--- START ---

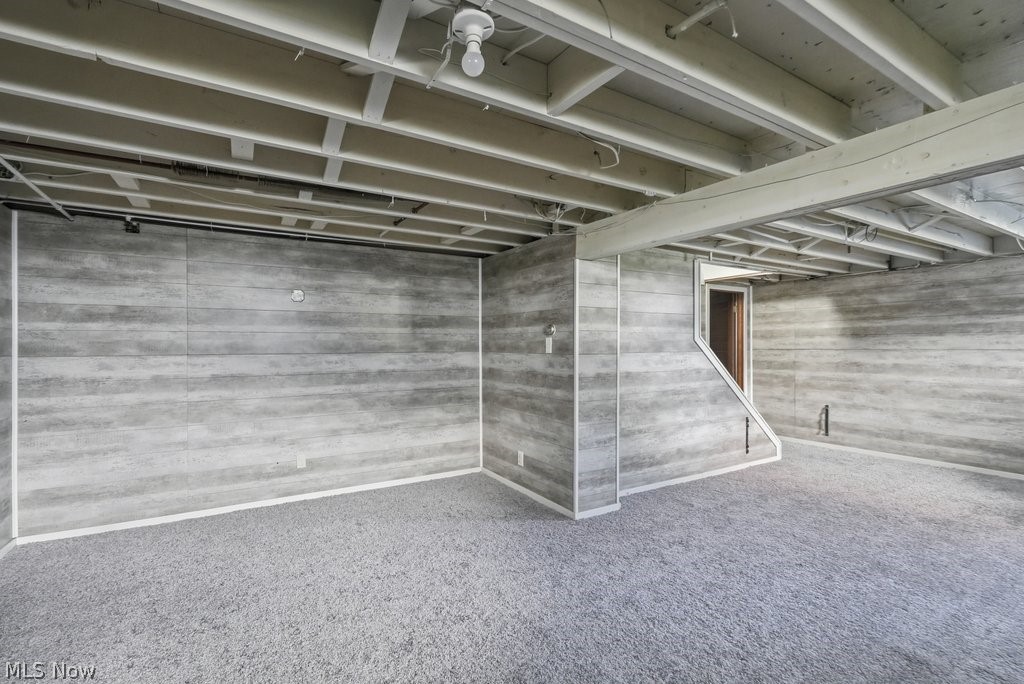 136 Pinehurst Road Munroe Falls, OH 44262 - Photo 32 of 48 Carpeted room featuring gray wood-finish paneling and an exposed ceiling with white-painted joists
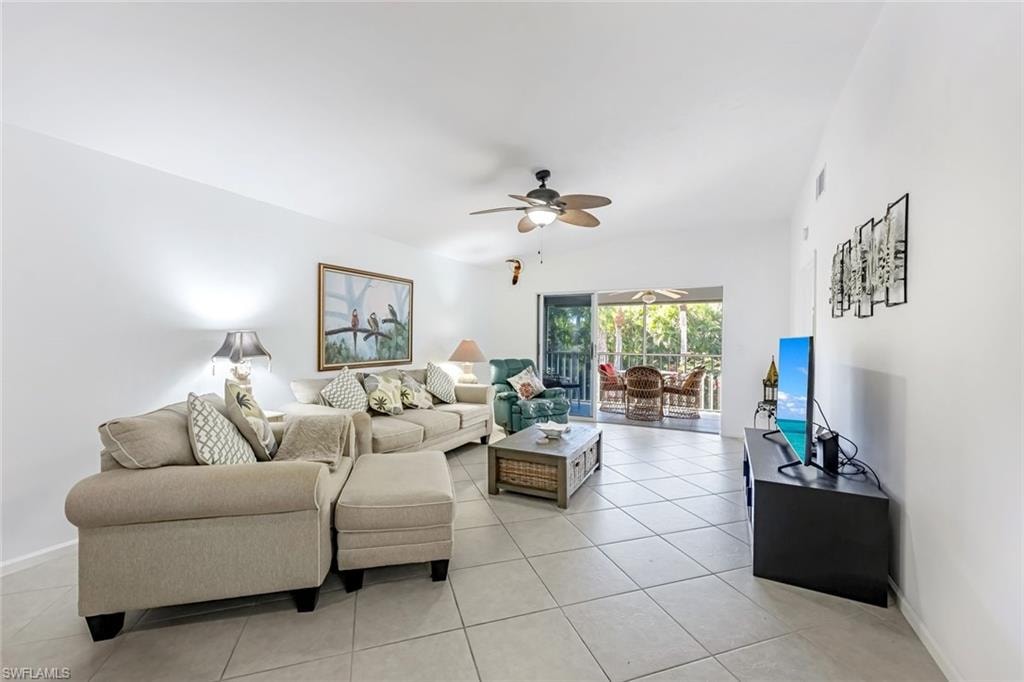 Living area with a ceiling fan and light tile patterned floors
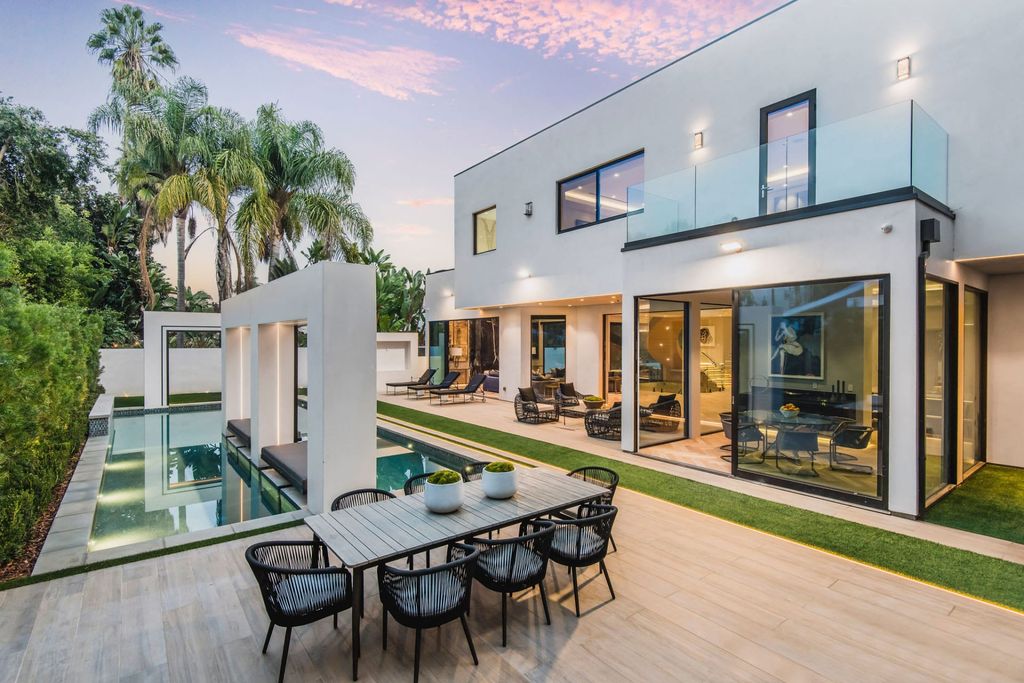 The Home in Beverly Hills is a contemporary new-build, designed by Gabbay Architects is sited behind mature olive trees now available for sale. This home located at 1729 Angelo Dr, Beverly Hills, California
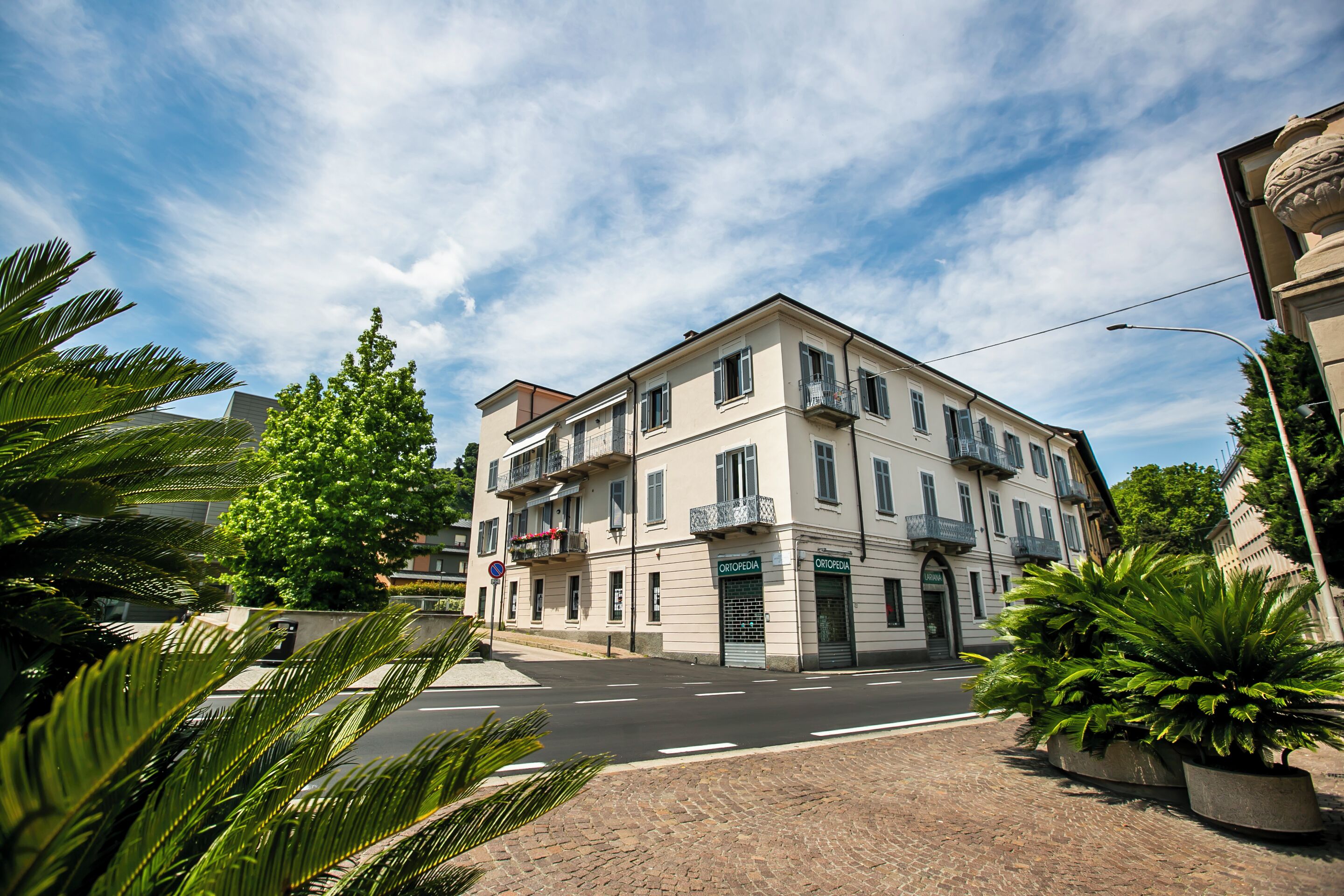 A multi-story building with a central entrance, balconies, and a clear sky.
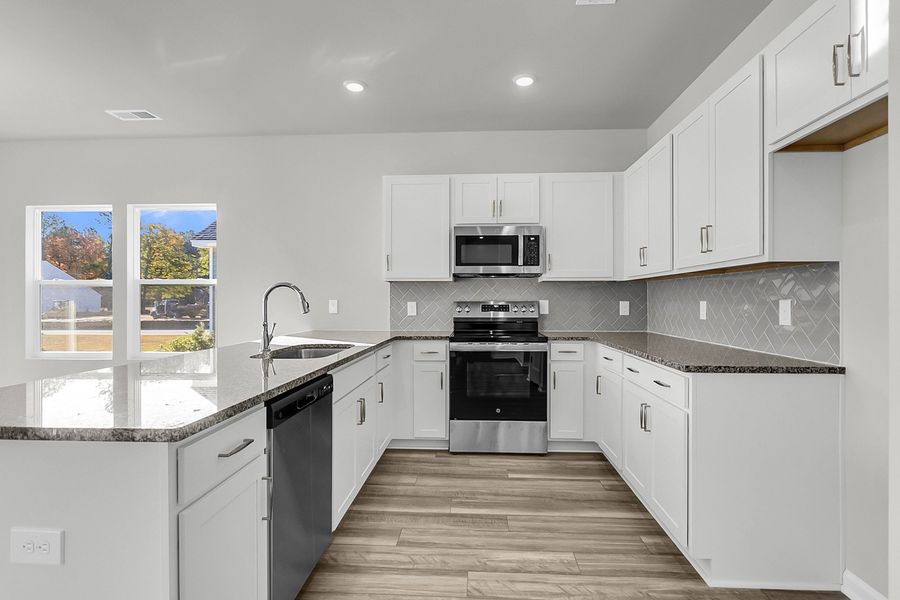Furnished interior view inside a new home in Fairway Woods at Wyboo, Manning (Image 9).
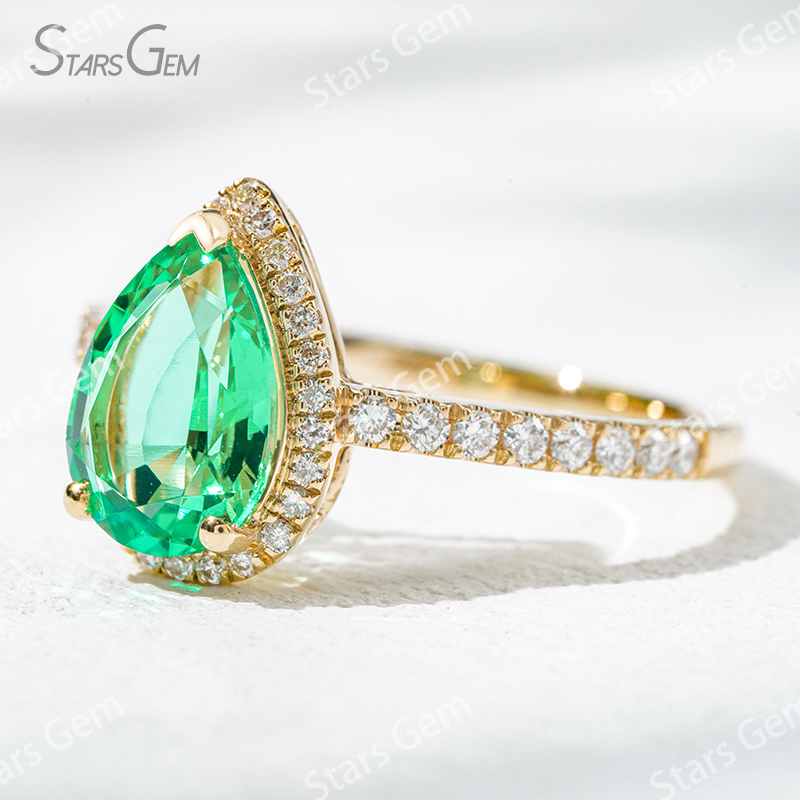 7×10​mm Pear Cut Lab Grown Emerald 18K Yellow Gold Halo Engagement Ring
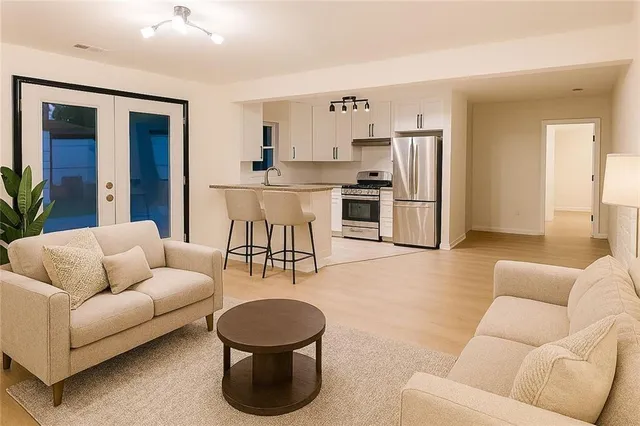 a living room with furniture and a view of kitchen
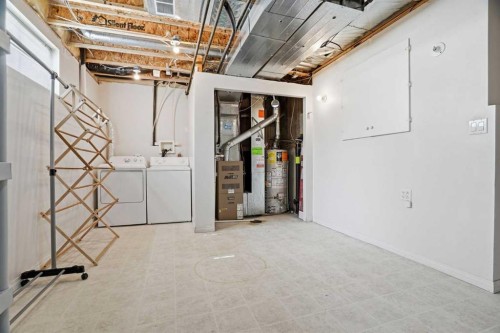 62 Country Hills Cove Nw, Calgary, AB - Indoor Photo Showing Laundry Room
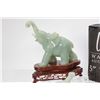 Image 2 : Four jade like elephant figures on camphor wood bases, each approximately 6"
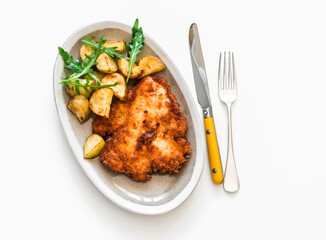 Chicken schnitzel with crispy potatoes and rocket salad jy the light background top view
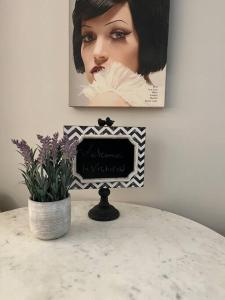 a table with a picture and a vase of flowers at Mill Hill Haven in Victoria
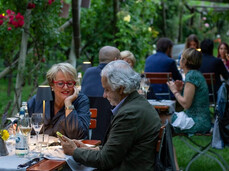 A romantic and elegant dinner among the vineyard rows, under soft lights and surrounded by greenery. Couples and groups of friends chat while enjoying wine and gourmet dishes. The atmosphere is relaxed, intimate, and immersed in nature.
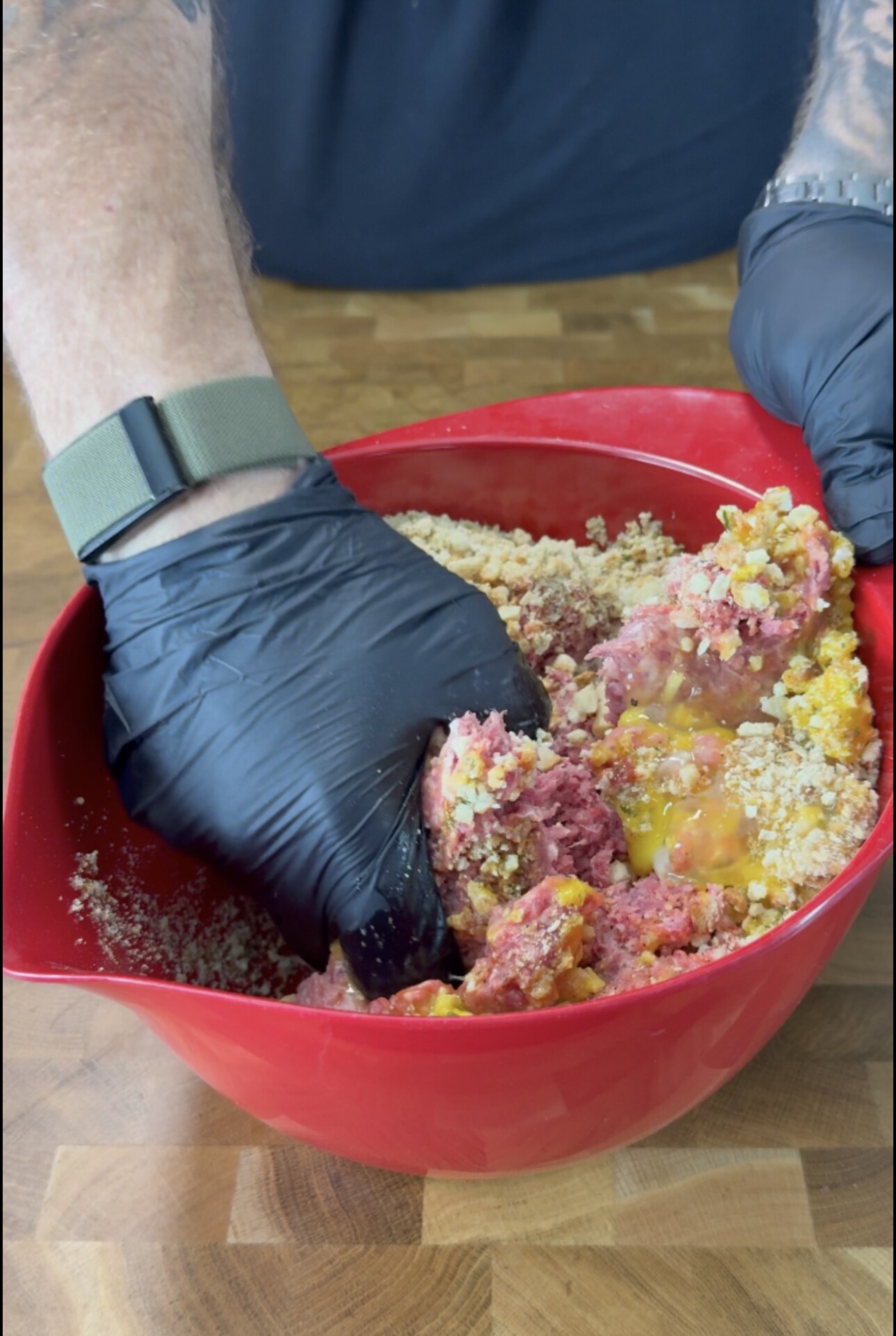 A person wearing black gloves mixes ground meat, eggs, breadcrumbs, and seasonings in a large red bowl on a wooden surface.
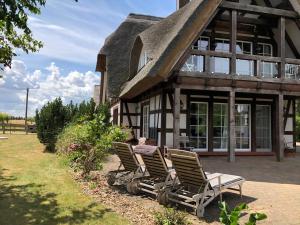 Zahrada ubytování Landhaus am Achterwasser mit Bootssteg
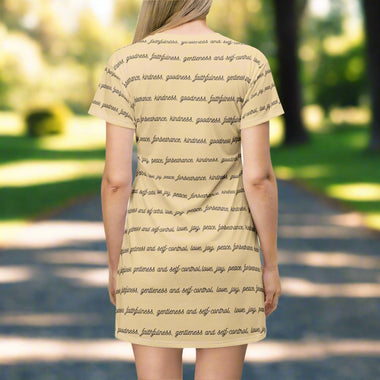 Beige t-shirt dress with text of fruits of the spirit worn by a woman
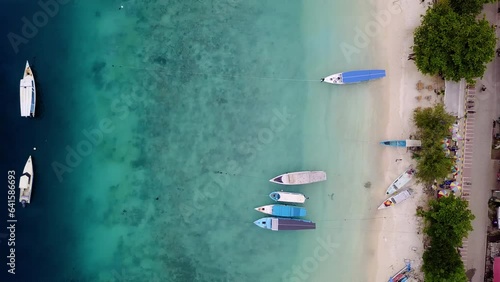 Top view of Gili Trawangan, West Nusa Tenggara. Panoramic showcasing boats, beach, and natural beauty.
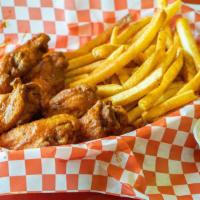 Mild Wings · 7 Wings tossed in our Authentic Mild sauce served with seasoned fries and a ranch dipping sa...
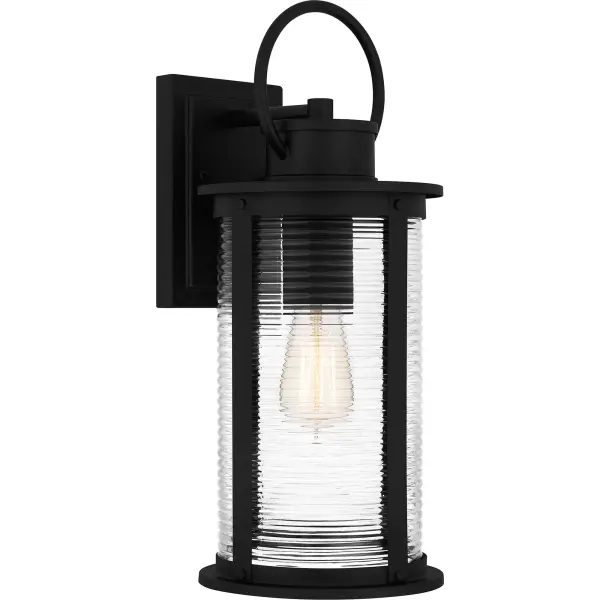 Tilmore outdoor lanterns are the perfect companion to coastal-inspired exteriors. The sturdy matte black frame is accentuated by clear ribbed glass for a classic look, designed to withstand the elements in style. Available as a hanging lantern, post lantern, and various sizes of wall lantern, Tilmore is an easy way to illuminate a front porch or landscape.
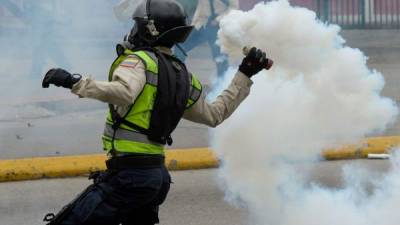 A riot policeman hurls a tear gas canister at opposition activists during a protest against President Nicolas Maduro, in Caracas on May 8, 2017.Venezuela's opposition mobilized Monday in fresh street protests against President Nicolas Maduro's efforts to reform the constitution in a deadly political crisis. Supporters of the opposition Democratic Unity Roundtable (MUD) gathered in eastern Caracas to march to the education ministry under the slogan 'No to the dictatorship.' / AFP PHOTO / FEDERICO PARRA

--- END ---

# What you are asked to do
The answer must be the lines from the first one in the records through the line containing "Mild Wings ·", copied exactly, with no pictures.

# Answer for the task
 136 Pinehurst Road Munroe Falls, OH 44262 - Photo 32 of 48 Carpeted room featuring gray wood-finish paneling and an exposed ceiling with white-painted joists
 Living area with a ceiling fan and light tile patterned floors
 The Home in Beverly Hills is a contemporary new-build, designed by Gabbay Architects is sited behind mature olive trees now available for sale. This home located at 1729 Angelo Dr, Beverly Hills, California
 A multi-story building with a central entrance, balconies, and a clear sky.
Furnished interior view inside a new home in Fairway Woods at Wyboo, Manning (Image 9).
 7×10​mm Pear Cut Lab Grown Emerald 18K Yellow Gold Halo Engagement Ring
 a living room with furniture and a view of kitchen
 62 Country Hills Cove Nw, Calgary, AB - Indoor Photo Showing Laundry Room
 Image 2 : Four jade like elephant figures on camphor wood bases, each approximately 6"
 Chicken schnitzel with crispy potatoes and rocket salad jy the light background top view
 a table with a picture and a vase of flowers at Mill Hill Haven in Victoria
 A romantic and elegant dinner among the vineyard rows, under soft lights and surrounded by greenery. Couples and groups of friends chat while enjoying wine and gourmet dishes. The atmosphere is relaxed, intimate, and immersed in nature.
 A person wearing black gloves mixes ground meat, eggs, breadcrumbs, and seasonings in a large red bowl on a wooden surface.
 Zahrada ubytování Landhaus am Achterwasser mit Bootssteg
 Beige t-shirt dress with text of fruits of the spirit worn by a woman
 Top view of Gili Trawangan, West Nusa Tenggara. Panoramic showcasing boats, beach, and natural beauty.
 Mild Wings · 7 Wings tossed in our Authentic Mild sauce served with seasoned fries and a ranch dipping sa...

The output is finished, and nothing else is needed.